Il y a tant de choses que j’aimerais accomplir ! Tout d’abord, je souhaite réaliser de nouveaux portraits afin d’atteindre un total de 50 artisans représentatifs de la communauté (nous en sommes actuellement à 36). Je recherche notamment un forgeron, un horloger/réparateur ainsi que des artisans pratiquant des savoir-faire culturels comme la vannerie, le quilting ou le perlage.

Parallèlement, je travaille sur un calendrier d’expositions pour 2025/26 et suis en discussion avec plusieurs lieux à travers le Royaume-Uni – notamment en Cornouailles, en Écosse, au Pays de Galles et en Irlande – afin d’intégrer l’exposition et les ateliers éducatifs qui l’accompagnent à leurs futurs programmes.

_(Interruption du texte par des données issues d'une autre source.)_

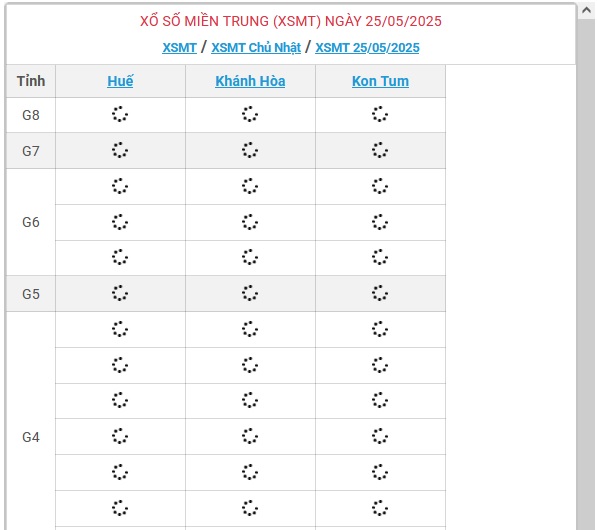 Kết quả xổ số miền Trung hôm nay ngày 25/5/2025 - XSMT 25/5- Ảnh 1.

Enfin, j'espère lancer un livre sur le projet au printemps 2026, qui présentera tous les artisans, partageant leurs parcours et leurs expériences. J'espère qu'il deviendra un point de référence utile pour ceux qui cherchent à apprécier les belles œuvres créées par les artisans et à explorer de nouvelles façons d'explorer leur créativité.


  1. Que diriez-vous à toutes les personnes inspirées par l'exposition et qui souhaitent approfondir leur exploration des artisanats du patrimoine ?

Je leur conseillerais de commencer par explorer les ateliers et les cours disponibles en lien avec leurs centres d’intérêt. Il existe de nombreuses associations, guildes et réseaux dédiés à presque tous les types d’artisanat, il suffit de se renseigner en ligne pour découvrir les formations proposées, ainsi que les subventions et financements qui peuvent les soutenir. Si un artisan en particulier les inspire, il ne faut pas hésiter à le contacter pour lui demander une expérience professionnelle ou un stage. C’est une excellente façon d’apprendre directement auprès d’un expert et de s’immerger dans le processus créatif.